*** EXERCISE MATERIALS ***

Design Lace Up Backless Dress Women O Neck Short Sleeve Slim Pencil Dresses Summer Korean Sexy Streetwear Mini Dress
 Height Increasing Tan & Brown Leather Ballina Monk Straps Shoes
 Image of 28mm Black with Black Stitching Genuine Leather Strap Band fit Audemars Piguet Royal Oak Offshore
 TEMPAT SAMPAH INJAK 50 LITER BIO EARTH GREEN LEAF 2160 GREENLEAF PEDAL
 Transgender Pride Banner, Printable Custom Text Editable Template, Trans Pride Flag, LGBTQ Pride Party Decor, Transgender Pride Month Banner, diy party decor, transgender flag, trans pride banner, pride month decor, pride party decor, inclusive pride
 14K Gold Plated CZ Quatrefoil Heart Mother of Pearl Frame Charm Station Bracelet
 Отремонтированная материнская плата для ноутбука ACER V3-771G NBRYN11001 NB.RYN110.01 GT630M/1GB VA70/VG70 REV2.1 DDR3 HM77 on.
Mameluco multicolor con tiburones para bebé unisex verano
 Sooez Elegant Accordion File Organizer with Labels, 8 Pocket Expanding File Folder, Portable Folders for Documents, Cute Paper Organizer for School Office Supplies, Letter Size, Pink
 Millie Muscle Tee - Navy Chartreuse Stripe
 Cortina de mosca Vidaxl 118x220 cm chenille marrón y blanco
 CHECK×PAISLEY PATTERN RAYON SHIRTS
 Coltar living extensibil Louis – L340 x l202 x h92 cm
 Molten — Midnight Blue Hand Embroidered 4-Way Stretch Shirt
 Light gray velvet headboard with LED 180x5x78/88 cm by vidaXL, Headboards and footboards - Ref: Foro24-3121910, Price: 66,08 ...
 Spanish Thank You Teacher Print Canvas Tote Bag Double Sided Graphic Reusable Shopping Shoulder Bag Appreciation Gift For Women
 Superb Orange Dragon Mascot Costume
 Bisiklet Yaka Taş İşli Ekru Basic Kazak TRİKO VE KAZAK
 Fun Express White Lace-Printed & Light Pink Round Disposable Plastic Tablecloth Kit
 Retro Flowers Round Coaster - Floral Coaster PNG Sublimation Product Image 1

***

● PROBLEM TO SOLVE
Lines, not occurrences, are what count: report how many lines of the records above include the word "Image", and nothing else.

● FINISHED EXERCISE
2